Antes de la fase de pérdida de peso, todos los participantes fueron aleatorizados en uno de los cuatro grupos de tratamiento (dos dietéticos y dos de actividad física) que se desarrollarán a lo largo de las 148 semanas de intervención nutricional o mantenimiento de peso. Las intervenciones comenzaron inmediatamente después de terminar la fase de pérdida de peso, siempre y cuando se hubiera conseguido el objetivo marcado. El periodo de intervención pretende aumentar la sensibilidad a la insulina y prevenir la aparición de DM2, manteniendo el peso perdido a largo plazo y a través de otros efectos saludables derivados de la dieta y la actividad física.

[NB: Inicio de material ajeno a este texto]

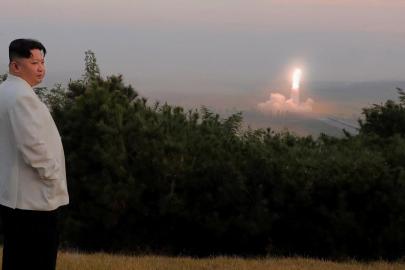 Kuzey Kore lideri Kim, yeni silahların test edilmesini izledi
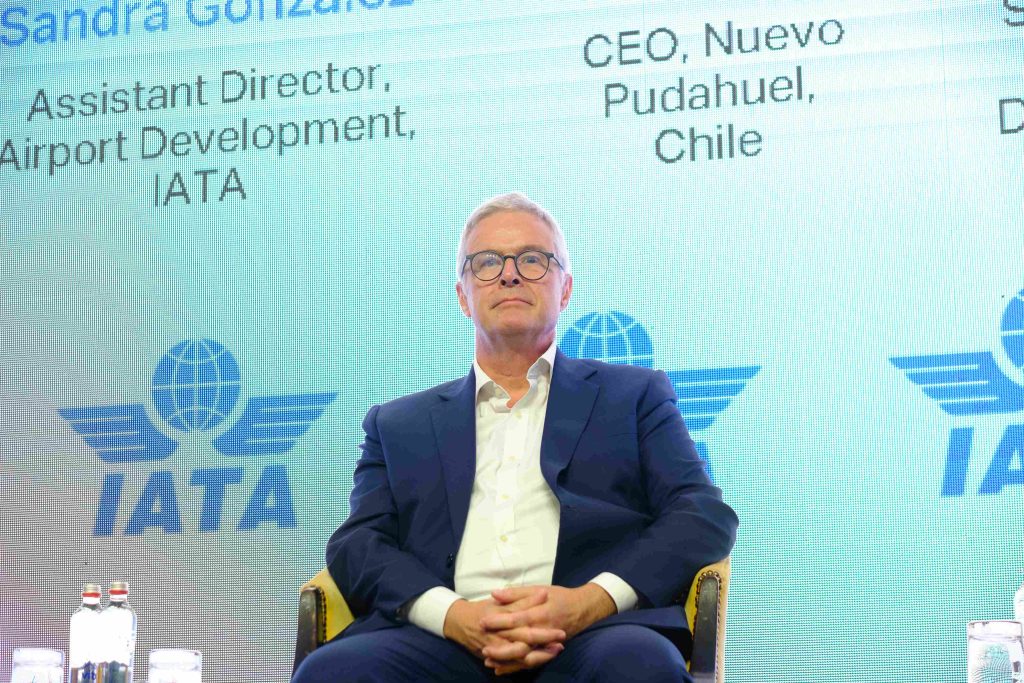 Nicolás Claude, gerente general de Aeropuerto Santiago, pone foco en la gobernanza para una operación más eficiente y ce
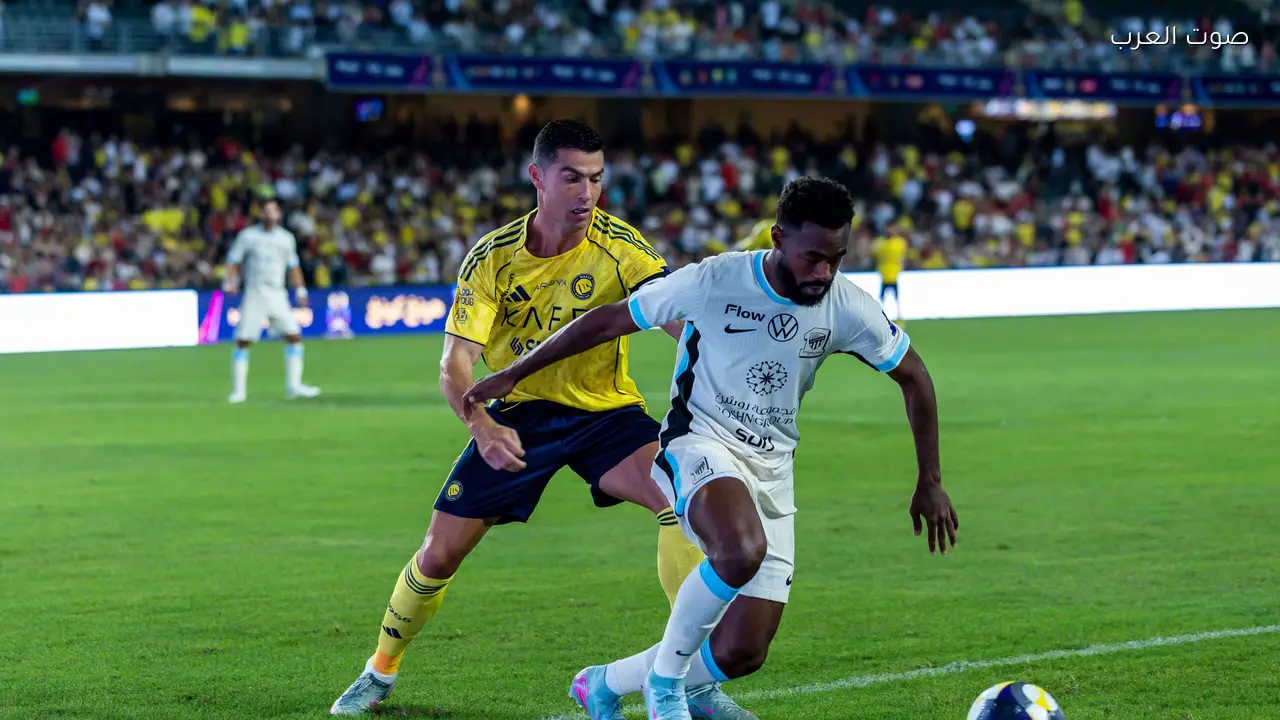 الشنقيطي يشغل الخلاف بين الاتحاد والهلال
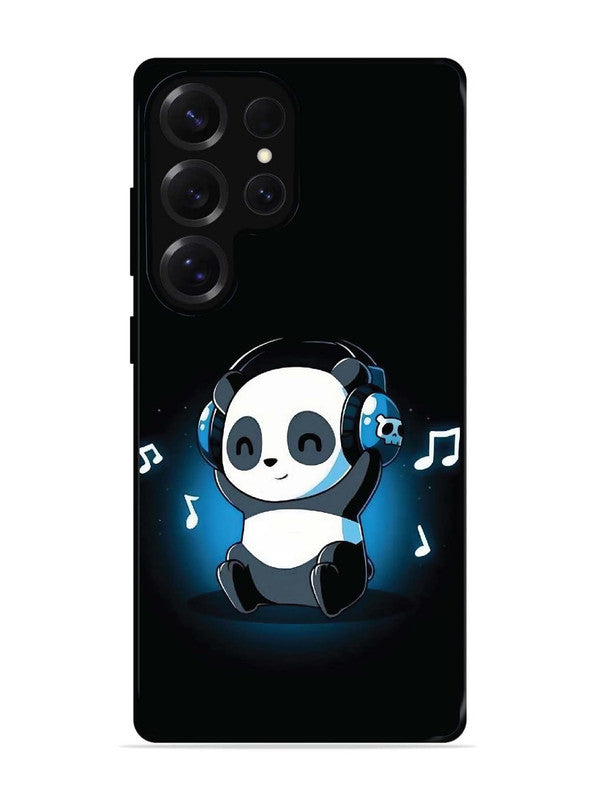 Samsung Galaxy S25 Ultra Panda Listening Music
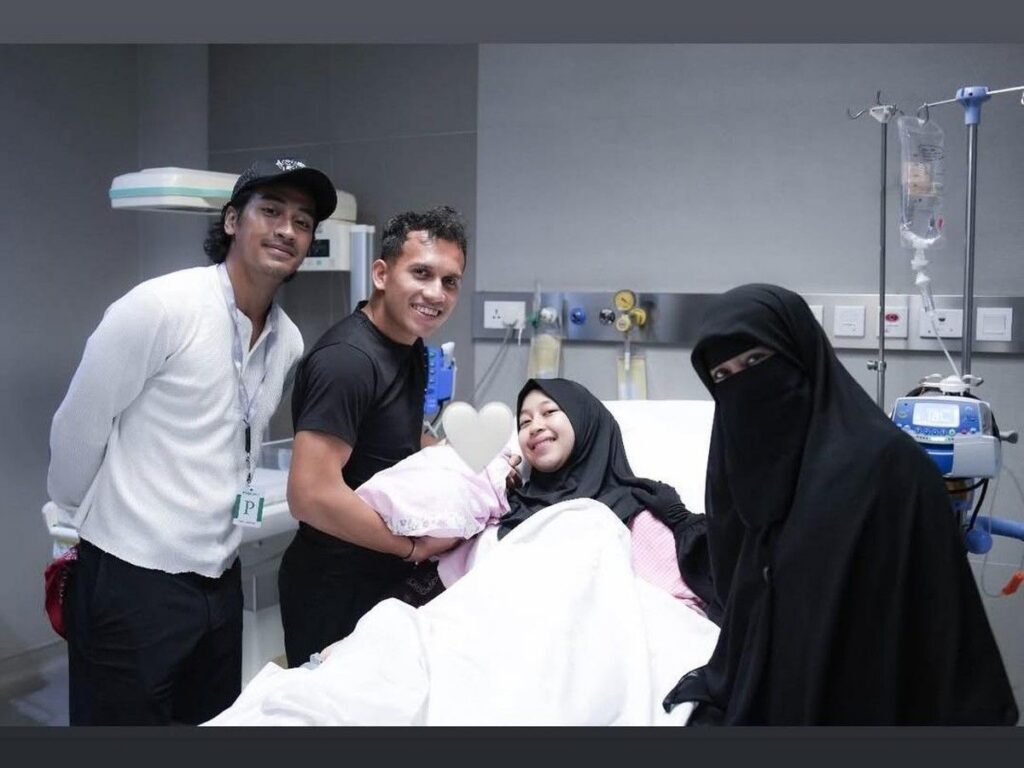 Adiba Khanza Hindari Baby Blues Setelah Melahirkan Anak Pertama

Las dos intervenciones dietéticas son:
1) MP = Moderada en proteína: consumo de proteína normal (comparado con las recomendaciones nacionales), y consumo de hidratos de carbono de absorción moderada (índice glucémico -IG- moderado).
2) HP = Alta en proteína: consumo de proteína mayor, hidratos de carbono normal o levemente disminuidos, con énfasis en hidratos de carbono de absorción lenta (IG bajo).
Ambas dietas están diseñadas para ser sanas y reducir el riesgo de una futura DM2 y/o ganancia de peso. Se pretende comparar estas dietas en el mismo estudio, y conocer si una u otra se puede considerar superior.
Los participantes reciben instrucciones sobre cómo elaborar la dieta. El material también incluye un libro de cocina diseñado exclusivamente para PREVIEW, con recetas específicas para cada tipo de dieta. Los participantes deben estar animados, motivados y tener disposición al cambio de hábitos, hecho fundamental para el éxito del tratamiento, y el personal de PREVIEW les guiará en el camino con las técnicas más efectivas de modificación de conducta.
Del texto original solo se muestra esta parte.